Supply Chain Challenges: The company did not mention any specific supply chain challenges, but noted that the integration of acquired businesses is progressing as planned.
Economic Factors: The uncertain macro environment has created volatility in capital markets, but historically, the online gambling industry has remained insulated from economic slowdowns.
Acquisition Risks: The company has made significant acquisitions (OddsJam and OpticOdds), which could pose integration risks and require effective management to realize expected synergies.
Operational Costs: Total operating expenses increased significantly due to amortization from acquisitions, which could impact profitability if not managed effectively.
Revenue Growth: Revenue rose 39% year-over-year to $40.6 million.
Adjusted EBITDA Growth: Adjusted EBITDA grew 56% to $15.9 million.
Recurring Revenue: 24% of first quarter revenue coming from recurring subscriptions.
Acquisition Impact: Integration of OddsJam and OpticOdds is progressing as planned, with expectations of at least 20% growth in adjusted EBITDA from these acquisitions.
Market Share Growth: iGaming revenues rose 24% year-over-year, with growth in all geographic regions.
AI Integration: Full embrace of AI to improve technology stack and digital marketing capabilities.
2025 Revenue Guidance: Full year revenue guidance midpoint of $172 million, representing 35% year-over-year growth.
2025 Adjusted EBITDA Guidance: Midpoint of adjusted EBITDA guidance of $68 million represents 40% year-over-year growth.
Recurring Revenue Expectation: Well over 20% of full year revenue expected to come from recurring subscriptions.
Missouri Market Launch: Guidance does not include contributions from new acquisitions or market launches until confirmed.
Share Repurchase Program: The company has not announced any share repurchase program during the call.
The earnings call summary reflects strong financial metrics with optimistic guidance, particularly in sports data services and new digital marketing channels. The Q&A section reveals positive sentiment towards product development, especially in OpticOdds and OddsJam, despite some unclear responses. The company’s cautious capital allocation and strategic investments suggest a focus on sustainable growth. The positive outlook on revenue and EBITDA growth, coupled with the potential benefits from Google updates, supports a positive sentiment. However, some concerns about margins and the U.K. market temper the outlook, resulting in a 'Positive' rating.

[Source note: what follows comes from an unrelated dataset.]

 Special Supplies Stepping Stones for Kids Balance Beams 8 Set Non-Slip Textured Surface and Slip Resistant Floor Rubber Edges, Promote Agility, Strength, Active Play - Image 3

The earnings call summary shows strong financial performance with 39% revenue growth and 56% EBITDA growth, but the Q&A reveals concerns. The Google algorithm update negatively impacted EBITDA, and management avoided specific guidance for 2026, leading to uncertainties. While new partnerships and market launches are positive, the impact of AI on search revenue and lack of detailed financial metrics for Spotlight.Vegas are concerning. Overall, the mixed signals and lack of clear guidance suggest a neutral stock price movement over the next two weeks.
The earnings call reveals strong financial performance with significant year-over-year growth in revenue, EBITDA, and net income. The company's strategic acquisitions are driving growth, and there's a positive outlook on market expansion and product offerings. Despite increased operating expenses due to acquisitions, the company maintains a healthy cash position. The Q&A section reflects optimism, with no major concerns from analysts. The lack of a share repurchase program is a minor negative, but overall, the financial health and growth prospects suggest a positive sentiment, likely leading to a stock price increase of 2% to 8%.